Payne therefore identifies a number of factors which will or may be relevant in a relocation case, explains their importance to the welfare of the child, and suggests helpful disciplines to ensure that the proper matters are considered in reaching a decision but it does not dictate the outcome of a case. I do not see Hedley J’s decision in Re Y as representative of a different line of authority from Payne, applicable where the child’s care is shared between the parents as opposed to undertaken by one primary carer; I see it as a decision within the framework of which Payne is part. It exemplifies how the weight attached to the relevant factors alters depending upon the facts of the case.
Accordingly, I would not expect to find cases bogged down with arguments as to whether the time spent with each of the parents or other aspects of the care arrangements are such as to make the case “a Payne case” or “a Re Y case”, nor would I expect preliminary skirmishes over the label to be applied to the child’s arrangements with a view to a parent having a shared residence order in his or her armoury for deployment in the event of a relocation application. The ways in which parents provide for the care of their children are, and should be, infinitely varied. In the best of cases they are flexible and responsive to the needs of the children over time.
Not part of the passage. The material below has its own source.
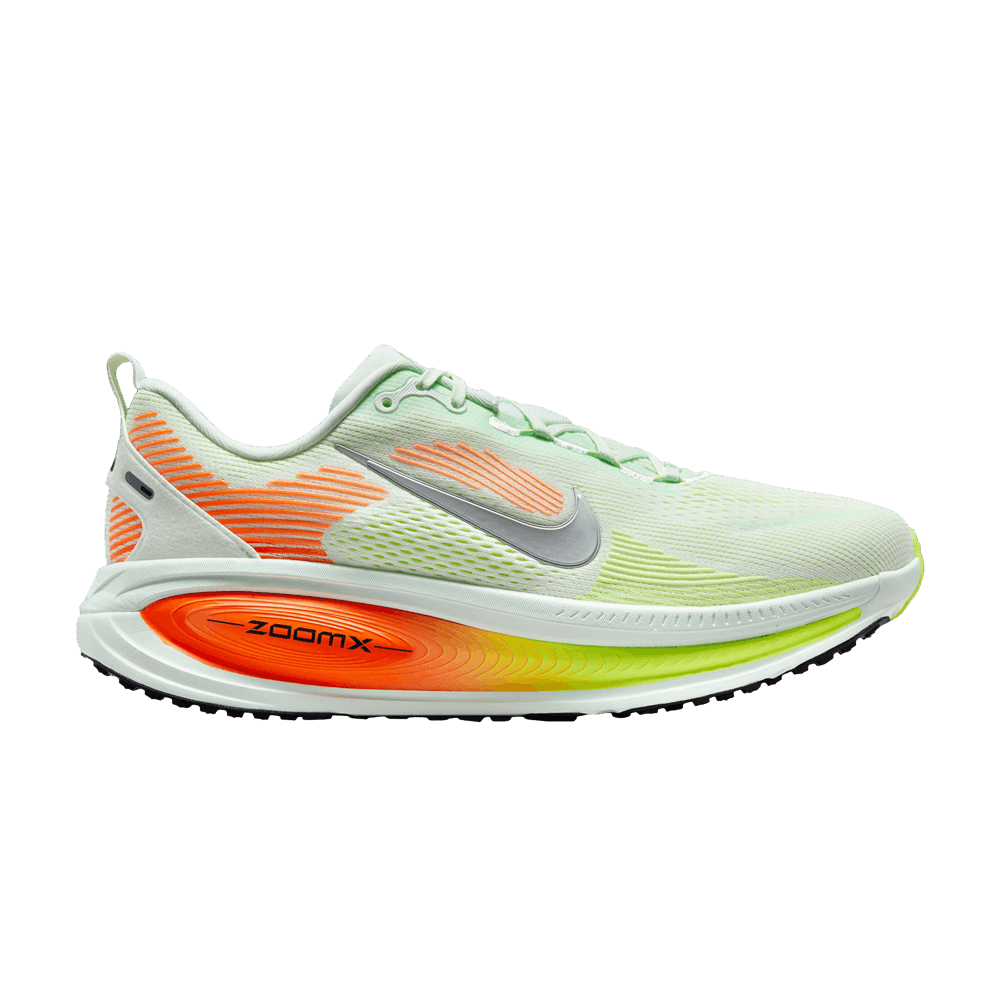 vomero-18-barely-green-hyper-crimson-hm6803-300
When a relocation application falls to be determined, all of the facts need to be considered.
Despite my rather different view of Payne from that of Thorpe LJ, I agree with him that the judgment and the exchange with counsel that follows do not demonstrate that all the relevant factors were put properly in the balance. In particular, the contribution that the father was making to the children’s welfare and the advice of the CAFCASS officer received insufficient attention. I associate myself also with the comments of Moore-Bick LJ on these matters.
I should make clear that in this case, I have been addressing only the issue of relocation outside this jurisdiction. The so-called “internal relocation” cases have followed a slightly different path, outside the reach of Payne, and such argument as there may be about them is not for today. In so far as we were referred to that line of authorities, the reference was, I thought, rather too oblique to justify giving any prominence to it in the present context.